MinHashed AtomPair Fingerprint of Radius 2
Project description
MAP4
Map4 is a MinHash-based molecular fingerprint.
How to install
As usual, you can simply install the package using pip:
pip install map4
Examples
Given a SMILES string, you can generate the MAP4 fingerprint as follows:
from rdkit.Chem import MolFromSmiles, Mol # pylint: disable=import-error,no-name-in-module
import numpy as np
from map4 import MAP4
map4 = MAP4(
# The size of the MinHash-based fingerprint
dimensions=2048,
# The radius of the circular substructures to consider
radius=2,
# Whether to include duplicated shingles, which we can
# make unique by extending them with a counter
include_duplicated_shingles=False,
)
molecule: Mol = MolFromSmiles("CCO")
fingerprint: np.ndarray = map4.calculate(molecule)
assert fingerprint.shape == (2048,)
Map4 also provides a multiprocessing-based implementation to calculate the fingerprints of a list of molecules:
from typing import List
import numpy as np
from rdkit.Chem import Mol, MolFromSmiles # pylint: disable=import-error,no-name-in-module
from map4 import MAP4
map4 = MAP4(
dimensions=2048,
radius=2,
include_duplicated_shingles=False,
)
molecules: List[Mol] = [MolFromSmiles("CCO"), MolFromSmiles("CCN")]

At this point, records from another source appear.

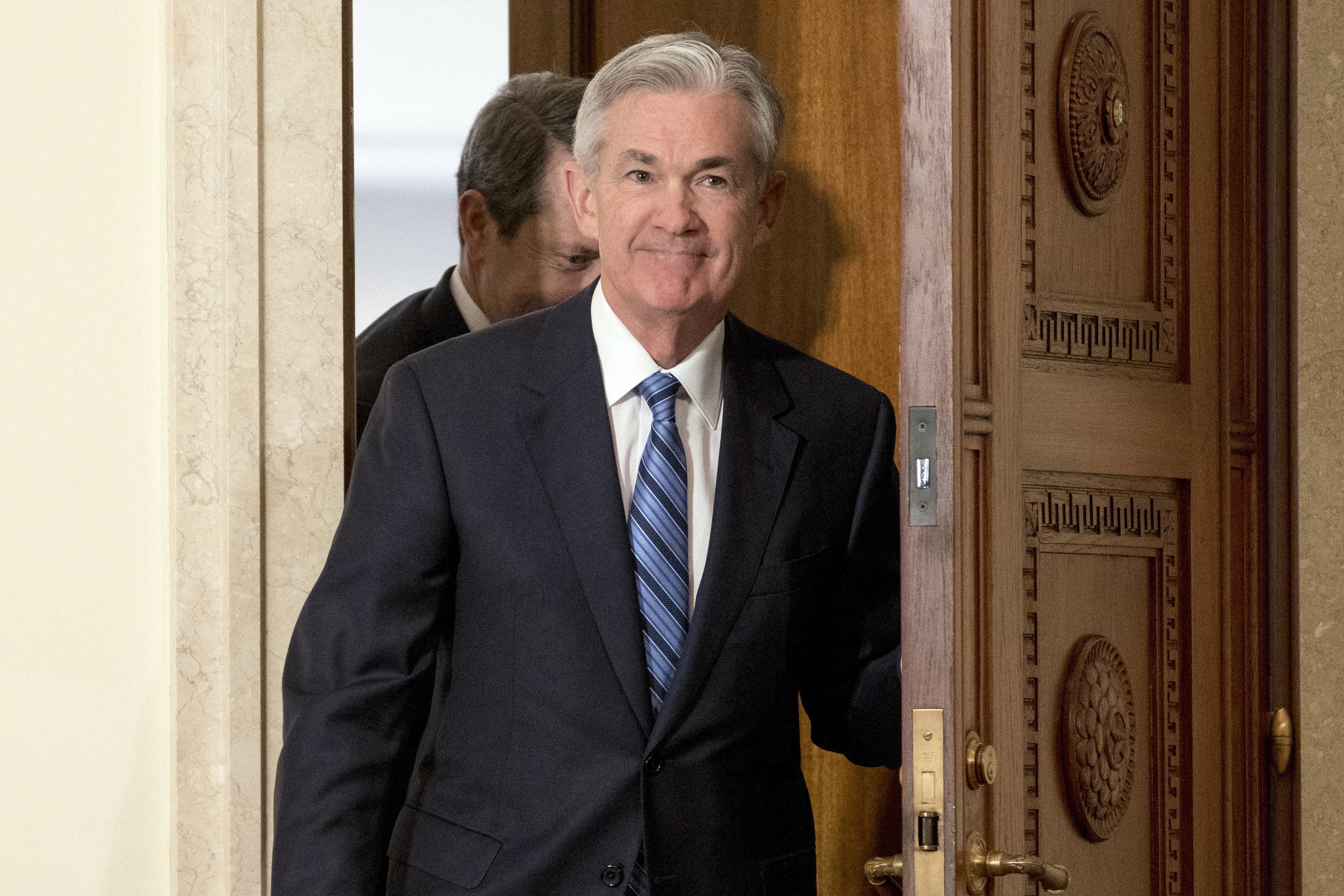 Jerome Powell, Randal Quarles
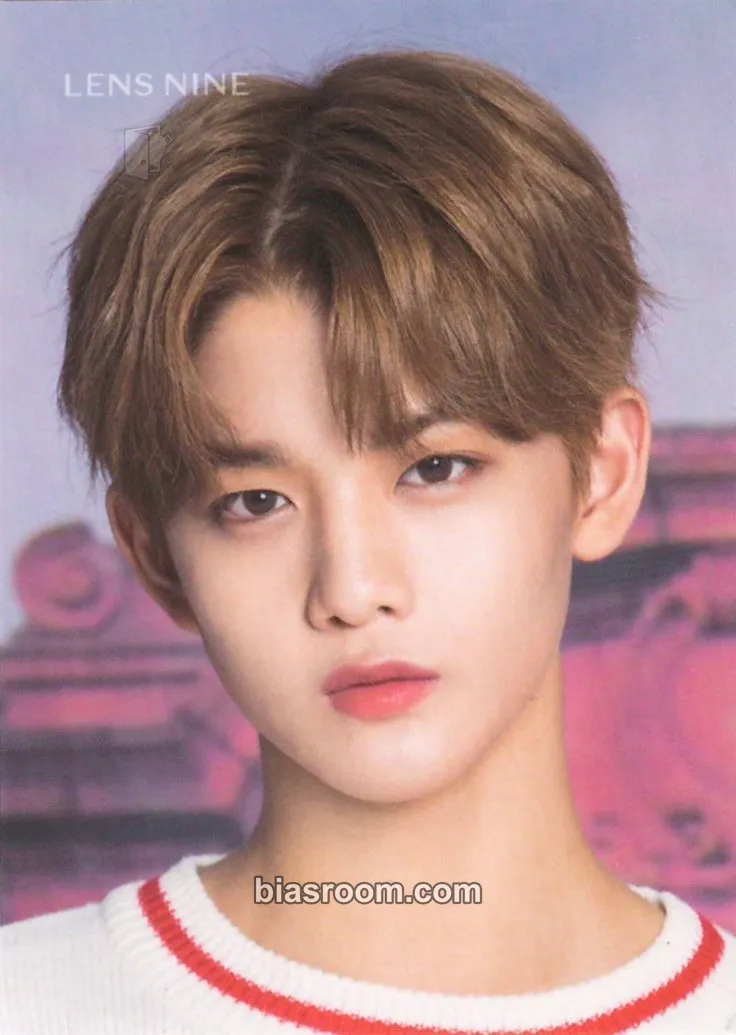 Jinyoung LENS NINE Photocard - Wanna One - Wanna One K-pop photocard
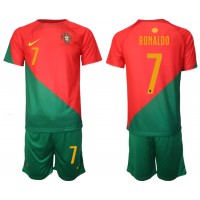 Koszulka piłkarska Portugalia Cristiano Ronaldo #7 Strój Domowy dla dzieci MŚ 2022 tanio Krótki Rękaw (+ Krótkie spodenki)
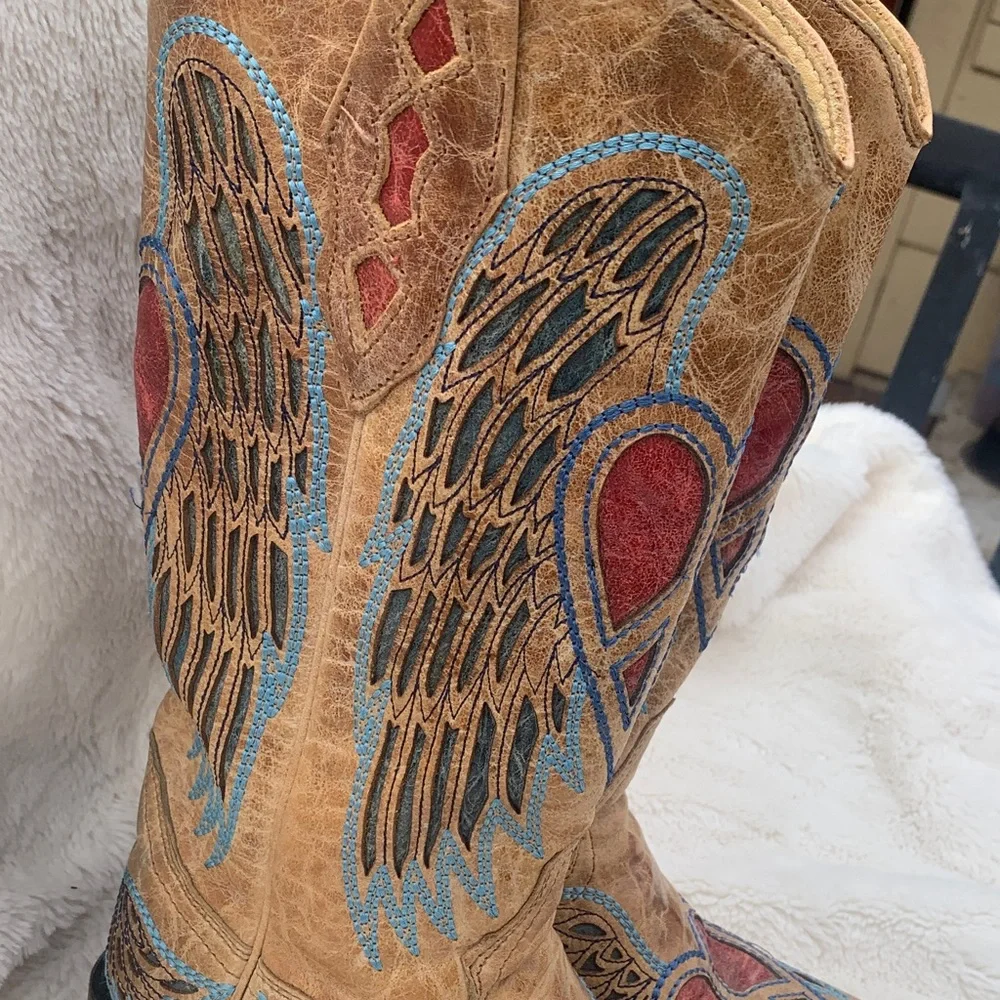 Women's Tan and Red Western Heeled Boots - Picture 9 of 10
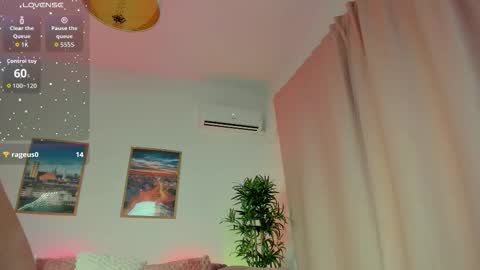 Arya online show from October 2025 09:04:01 PM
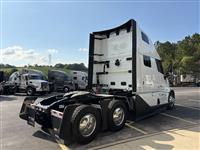 2025 Volvo VNL64T860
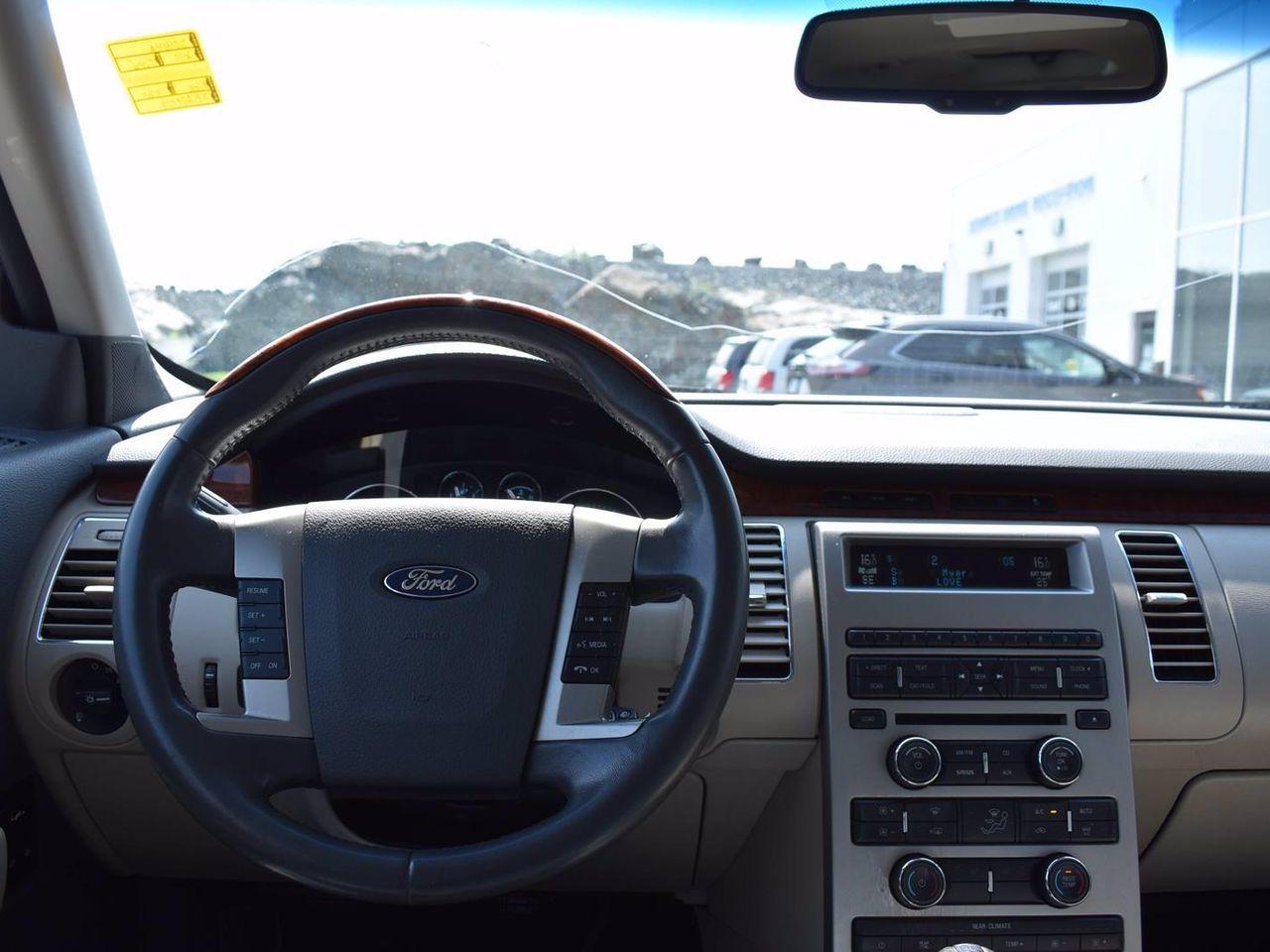 2010 Ford Flex Limited-4
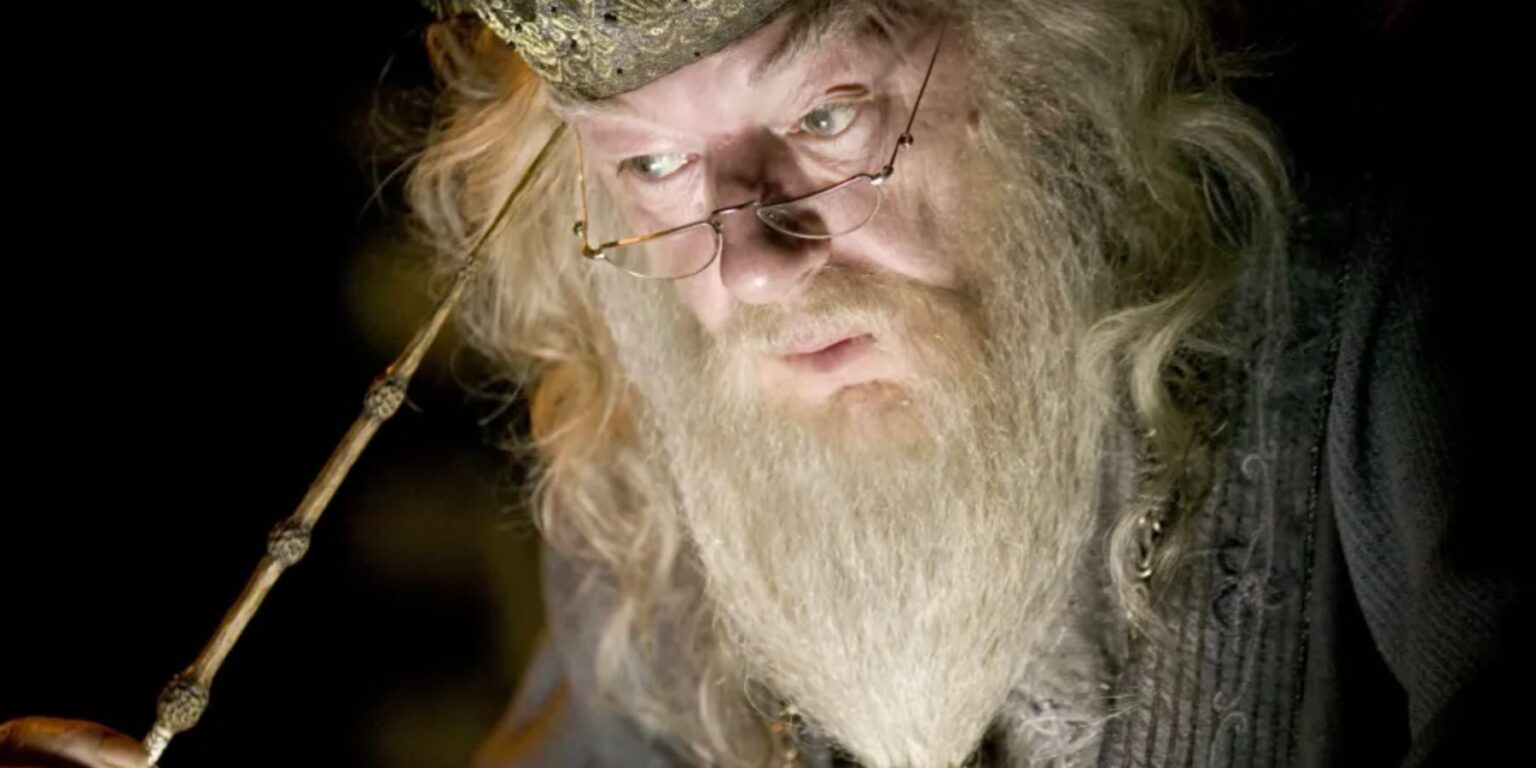 albus dumbledore using the elder wand in the harry potter movies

fingerprints: np.ndarray = map4.calculate_many(
molecules,
# The number of threads to use
number_of_threads=2,
# Whether to show a progress bar
verbose=True,
)
assert len(fingerprints) == 2
assert fingerprints[0].shape == (2048,)
assert fingerprints[1].shape == (2048,)
Finally, the fingerprints can be visualized using the visualize
method, which computes a TSNE of the fingerprints of the provided molecules.
You can find an example of how to use the visualize
method in the test_visualize.py
file. Here's a preview:
Using the CLI
Map4 also provides a command-line entry-point called map4
. This command-line interface (CLI) provides a way to compute MAP4 fingerprints for a batch of molecules using SMILES input. The fingerprints can be customized via various options such as fingerprint dimensions, radius, and batch size. The entry-point is available once the package is installed, so no additional setup is required.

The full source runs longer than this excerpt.